Читаем Хоспис полностью

Человек, подобие Божие. Зачем Он сделал нас похожими на Себя, но не бессмертными?

…а откуда мы знаем, что Он – бессмертен… может, и Он тоже… на койке, с подсунутой под спину клеенкой… под иглой… и ангелы в белом снуют… быстрее помочь, быстрей… нет… поздно…


…стучали в дверь, тихо и настойчиво.

Матвей встал со скамеечки, разогнулся, застонал, поясницу крепко потер. Красный его халат распахнулся, обнажая худые, как корни сосны, ноги в штопаных домашних штанах.
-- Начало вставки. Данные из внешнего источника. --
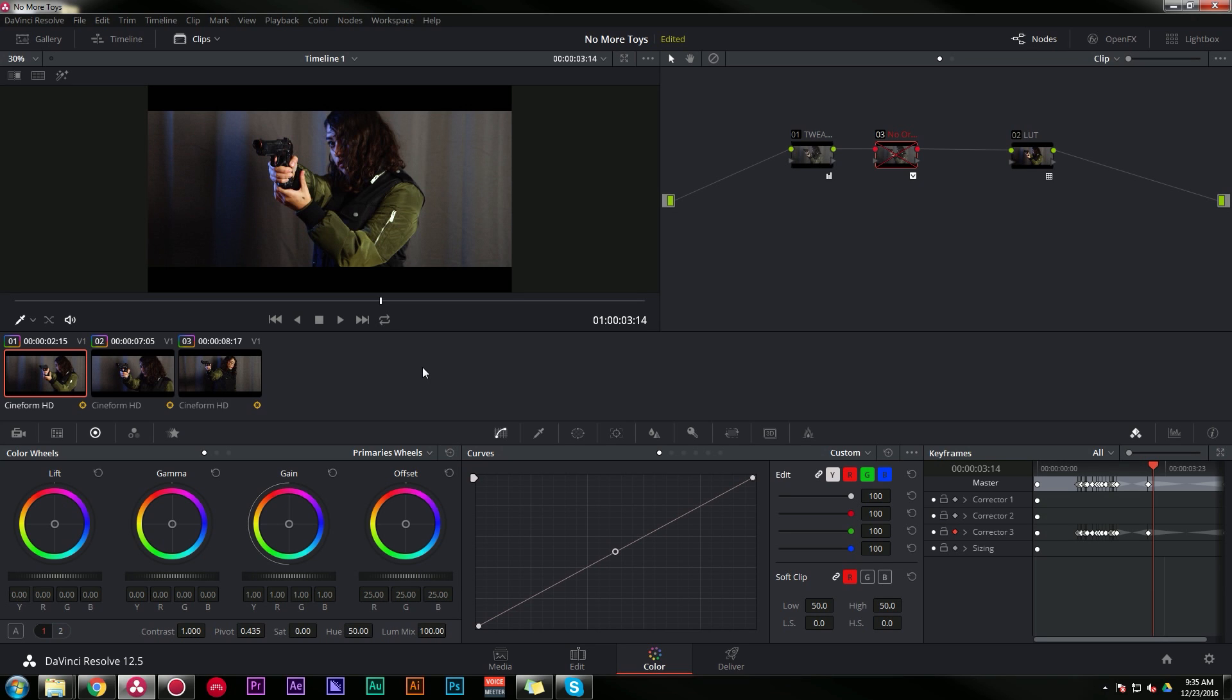Today we are talking about fixing a little problem inside of DaVinci Resolve, kind of covering our tail as it were. This might not be a specific problem that you have, but hopefully it will open your mind to fixing other little problems that might be similar.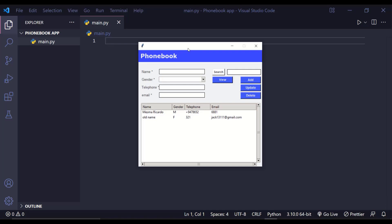Welcome back to the channel. Today we're building an interesting Python tkinter project — a phone book application. It has a form where you can enter name, gender, telephone, and email. There's a search button and database operations: view data, add data, update data, and delete data. It's like a mini database project. We'll divide this into three parts: layout, logic, and connecting everything together.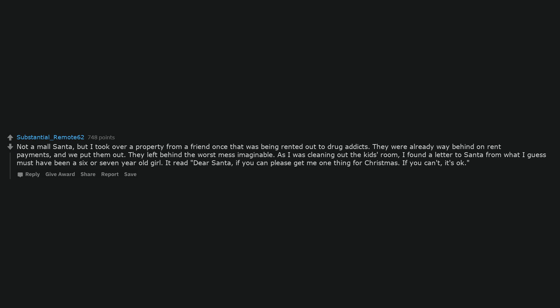Not a mall Santa, but I took over a property from a friend once that was being rented out to drug addicts. They were already way behind on rent payments, and we put them out. They left behind the worst mess imaginable. As I was cleaning out the kid's room, I found a letter to Santa from what I guess must have been a 6 or 7 year old girl.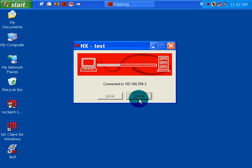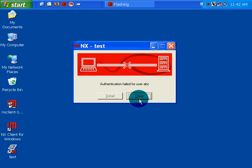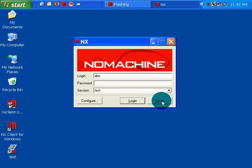I've got the VNC viewer listen set and running over on the Nopix machine. And I had turned on the services to start NX server on the Nopix machine again. Waiting authentication. Authentication failed for user ABC. Why? No detail. I don't even know why.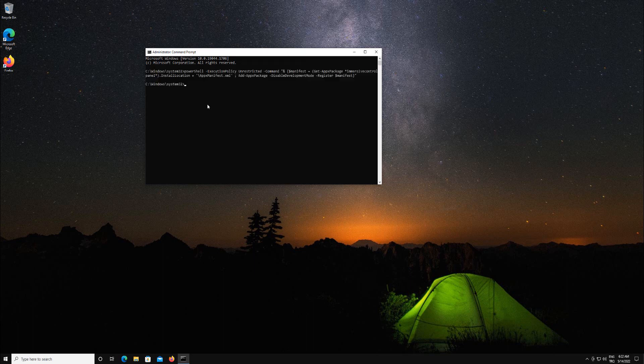That is all. Hopefully the settings app works correctly. If it doesn't, you can always repair units of Windows 10. Thank you for watching. Have a good day.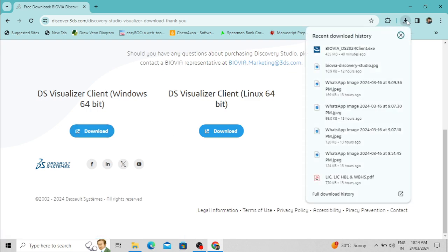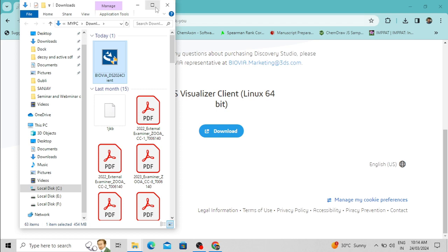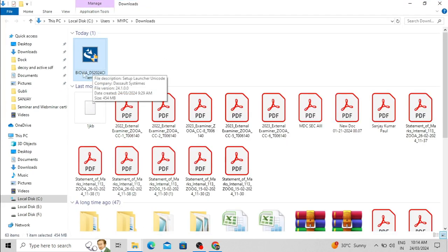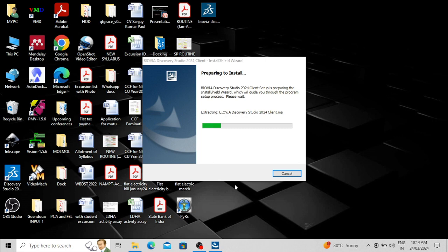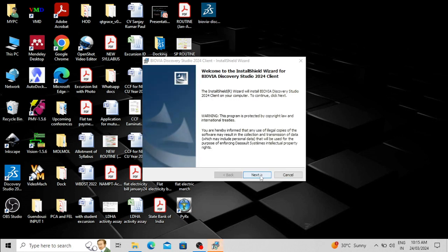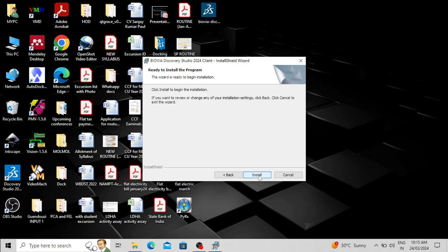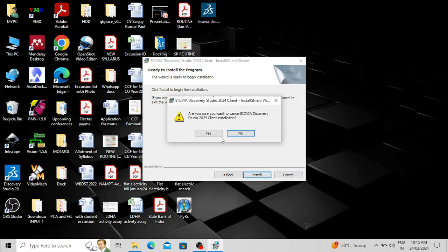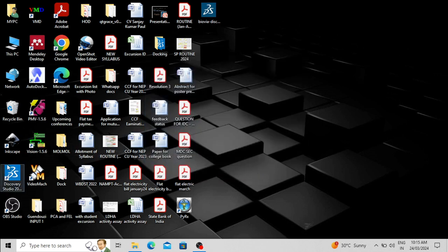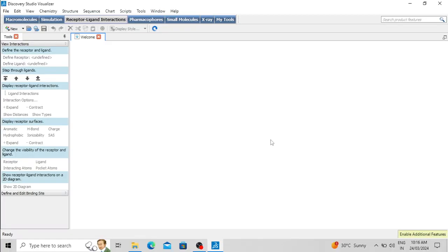I have already downloaded the software and it is present in my downloads folder. This is the setup file — double click here to install the software, then click Next, Next, and Install. After installing, a desktop icon will appear. Double click it to open BIOVIA Discovery Studio. It's now open and this is the interface of BIOVIA Discovery Studio Visualizer.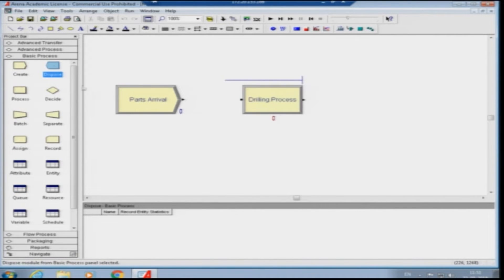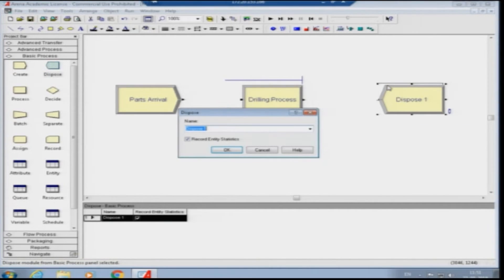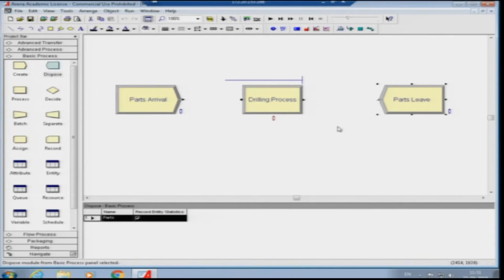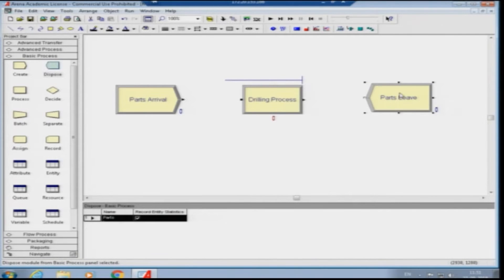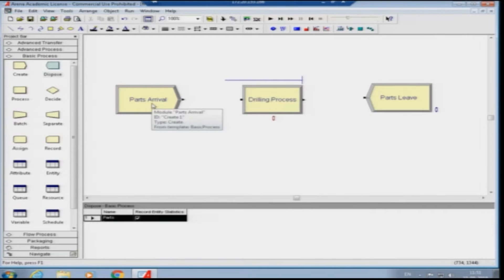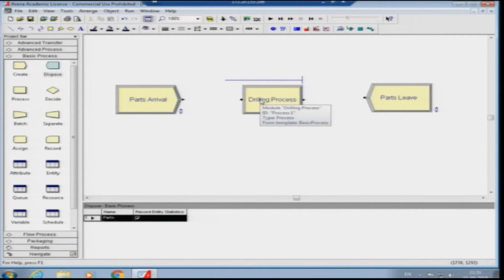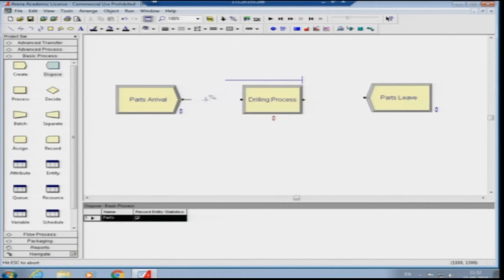I drag the Dispose module in and name it 'Parts Leave', recording entity statistics. So the flow is: Parts Arrival → Drilling Process → Parts Leave. This is the simple single-machine system. Parts arrive every 10 minutes, it takes 8 minutes to drill a hole, and parts leave. There is no variability. I connect the modules to simulate the flow.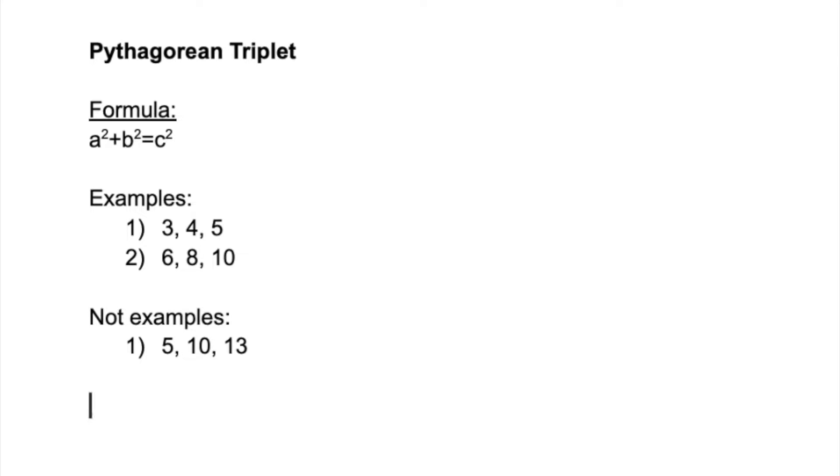Hey guys, my name is Abhigat and in this video I'll be creating a Java program to accept three numbers and find out whether they are a Pythagorean triplet or not. Before we start with the program, I'll explain what a Pythagorean triplet even is.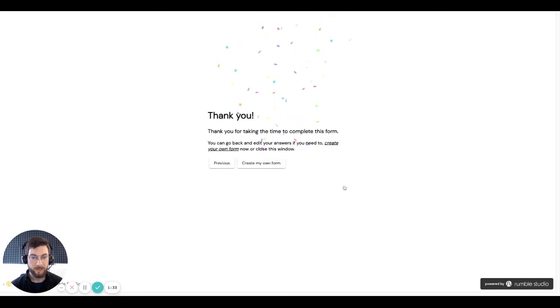And there we have it. That's how you record your guest answers on Rumble Studio. Thanks for watching the video.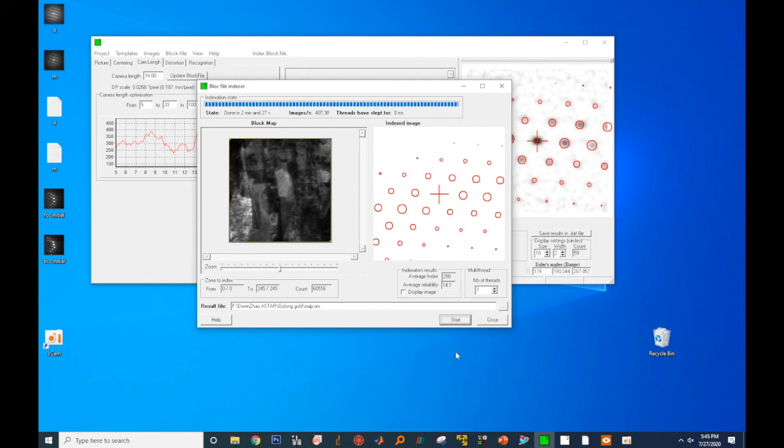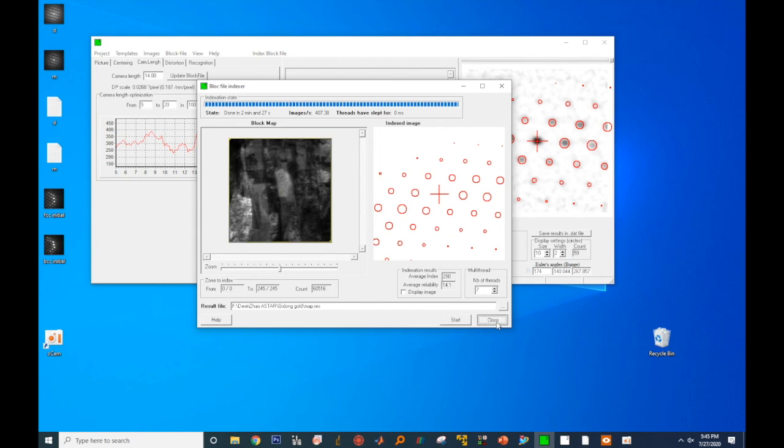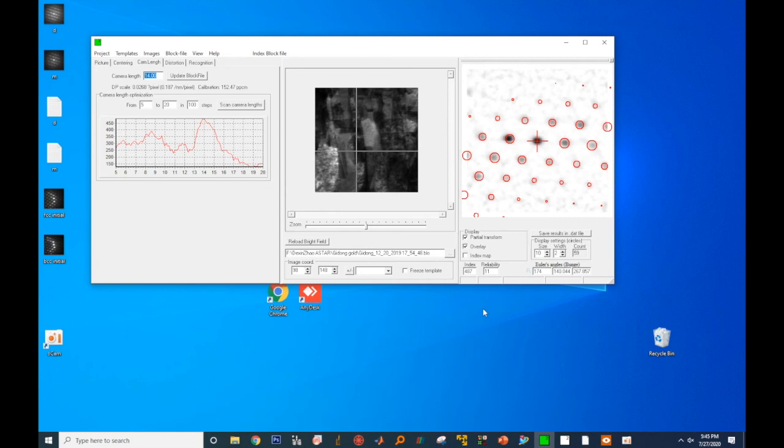Once the process has finished, click on close to close this window. And we are done with the data reconstruction. And now, we are ready to visualize the data, and this is something we're gonna show you in the next video. Thank you.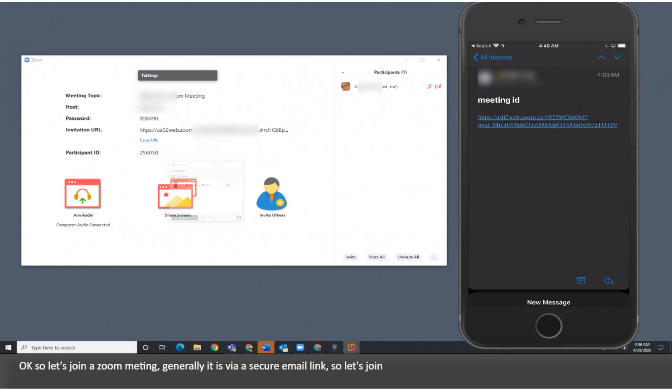Okay, so let's join a Zoom meeting. Generally it is via a secure email link, so let's join.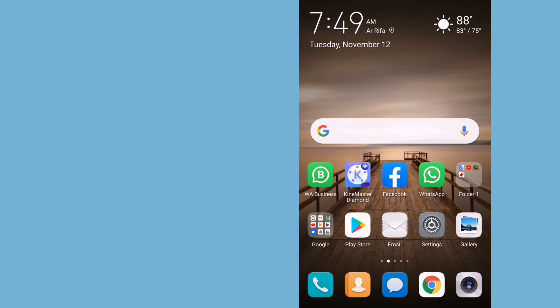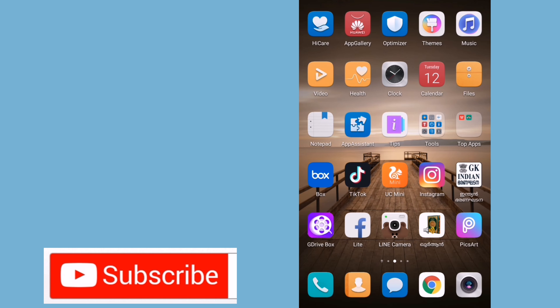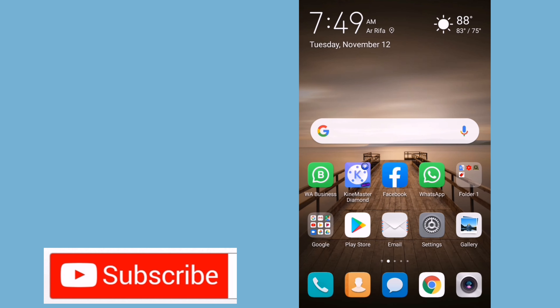Hi everyone, I'm going to talk about YouTube videos. In our phone, we have many applications.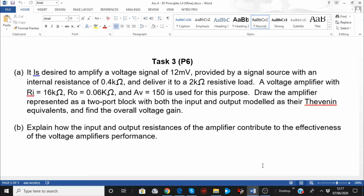It is desired to amplify a voltage signal of 12 millivolts provided by a signal source with an internal resistance of 0.4 kilo ohm, and deliver it to a 2 kilo ohm resistive load — purely resistive. A voltage amplifier with RI of 16 kilo ohm, output resistance RO of 0.06 kilo ohm, and voltage gain AV of 150 is used for this purpose.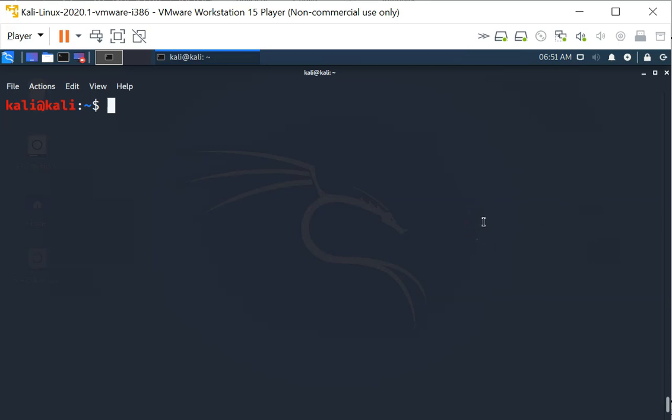In this video, we are going to investigate the tool called John the Ripper. We are going to use John the Ripper to perform some offline password attack.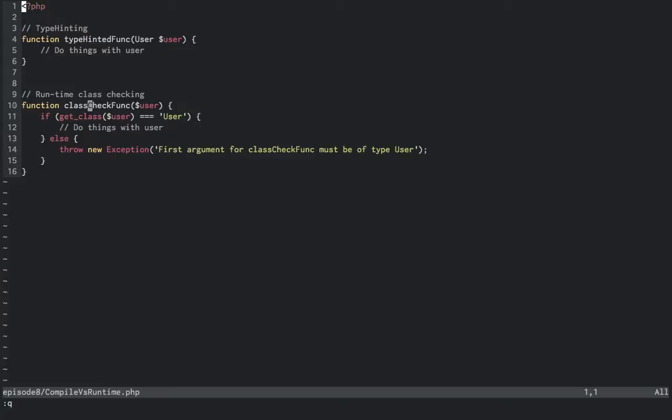I should also mention that arrays do work for type hinting. Traits are not currently type hintable, and I'm not sure that they will add that since a trait is composed into an object, but who knows, someone might get crafty.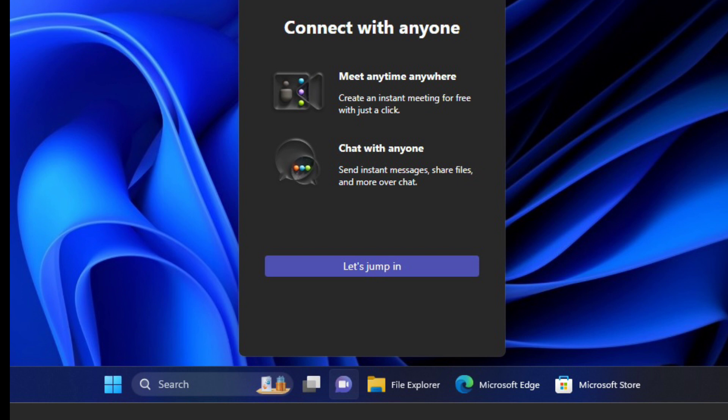Instead of rebranding Teams, Microsoft changed the Teams app and added features for people looking to chat. The company also added chat to the Windows 11 taskbar, yet another effort to reposition the existing Microsoft Teams app to appeal to people looking for new ways to chat.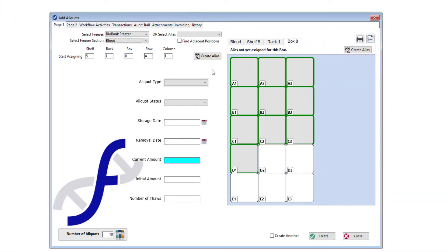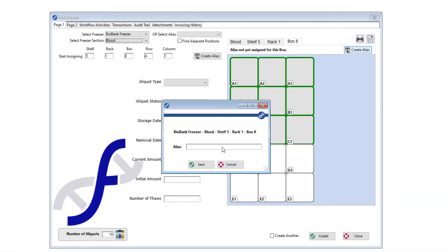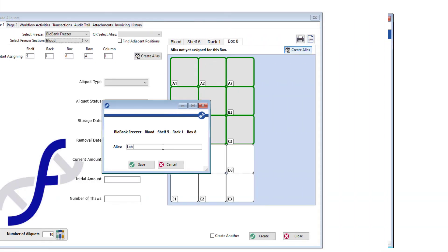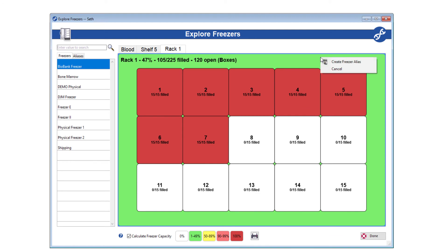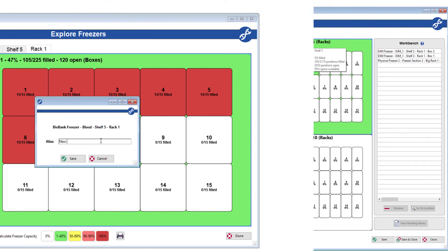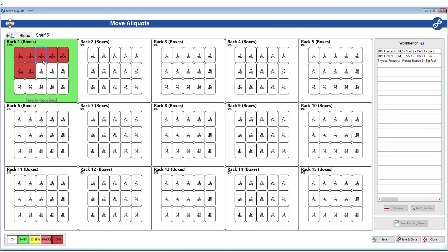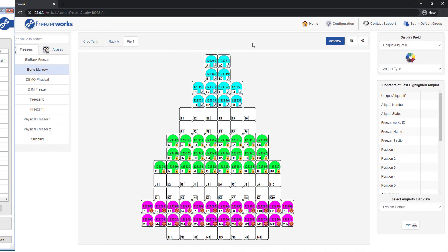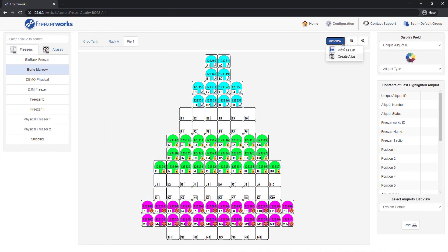In aliquots entry, explore freezers, and move aliquots. Of course, as you saw a moment ago, aliases will also be creatable on the web client.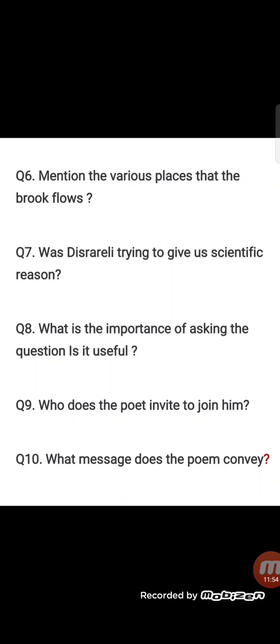Question 8: What is the importance of asking if it is useful? From the same lesson, Think Before You Speak. The answer is: it is important to ask if it is useful before speaking, because only if our words benefit the listener and comfort someone, then only should those words be spoken.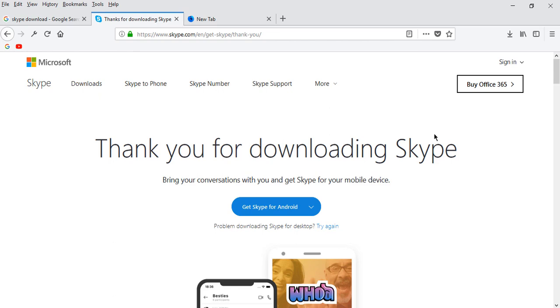You can easily create a free account of Skype. To create a free account, you can simply visit our description. If you are having any trouble with Skype, we have some videos on our YouTube channel.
Он побрел к двери и добрел до нее.

– Кто?

Детский голосок за дверью раздался:

– Откройте!

Ну, дитя, милостиво думал Матвей, небось, соседское, небось, понадобились кому сердечные капли, а может, луковица, а может, яйцо, а может, градусник, вот к доктору послали.

Загремел замком. Девочка стояла на пороге. Лет десяти. В отрепьях.

"А, нищенка. Побирается. Бедняжка, малышка. Надо что-то дать. Что?"

Огляделся беспомощно.

– Я… знаешь, сейчас кусочек тебе вынесу… Я – сыну приготовил… он у меня…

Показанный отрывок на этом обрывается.